Bjarke Ingels and his team at BIG have helped create an incredible WWII memorial on the site of an underground bunker in Denmark. The project, entitled Tirpitz, is located in Blåvand and expands upon a small museum that had already been established in the same area. Since the museum is hidden beneath several folds of earth, you probably won’t be able to see it if you’re standing on the ground. These folds ramp up to create a kind of angular hill, only revealing the complex when looked down at from an aerial point of view.

Billed by the firm as a “sanctuary in the sand that acts as a gentle counterbalance to the dramatic war history of the site,” the new construction houses four exhibition spaces, each of which has been themed to reflect an element of the region’s history.

The museum is outlined by a set of incisions made into the landscape above it, which together take on a quasi-cross shape when seen from above. These openings rest just above the walkways that lead to the center of the complex: an impressive outdoor courtyard around which the exhibition spaces are organized. Both the walkways and the courtyard have been elevated to allow visitors to look down through the museum’s glazed upper walls into the galleries below.
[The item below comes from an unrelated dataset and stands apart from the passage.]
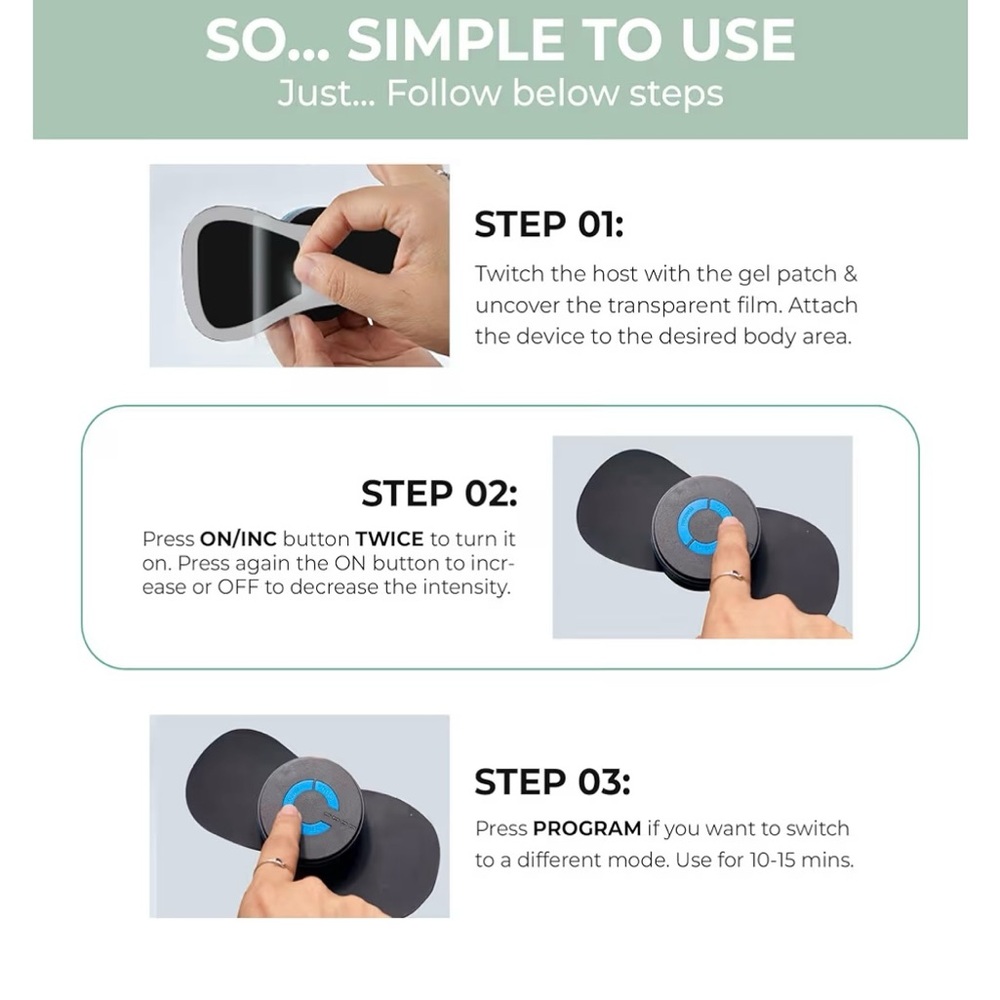 Nooro Portable Wireless Body Massager Rechargeable| 6 Modes Adjustable Intensity - Picture 6 of 7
The architects decided to give the new structure a clandestine feel to contrast it with the foreboding, concrete bunker next door. The bunker was originally built as part of Hitler’s Atlantic Wall, whose construction was stopped dead in its tracks when the war ended.

BIG undertook this 2,800 square meter project back in 2012. The finished layout incorporates several elements that are characteristic of the firm’s design style, including ramps, active roof spaces, a connection to the landscape around it, and a complex circulation system that can be read in multiple ways depending on where the viewer stands.

By incorporating both glazing and exposed concrete, Tirpitz’ roofs and floors offer a transparency that was missing from the original bunker without detracting from its rich history.

Each one of the museum’s four exhibitions, which were designed by the Dutch studio Tinker Imagineers, focuses on a different part of Denmark’s past. In the “Army of Concrete” gallery, visitors can learn all about Hitler’s idea for and construction of the Atlantic Wall. The “Gold of the West Coast” and “West Coast Stories” galleries recount the history of the Danish coast. Finally, there’s the Tirpitz Bunker itself. All four spaces were designed to encapsulate the spirit of Western Denmark and give people a truly local experience.

From the onset of the project, the goal of the expansion was to turn the bunker into a popular tourist destination. With any luck, Tirpitz will also become a place where architects and design geeks can go to nerd out! If the museum attracts the 100,000 annual guests that it’s expected to, the local economy would certainly see a nice boost. Museum director Claus Kjeld Jensen says, “Tirpitz is an incredible, one-of-a-kind experience: violent, astonishing, dramatic, hidden — almost invisible.”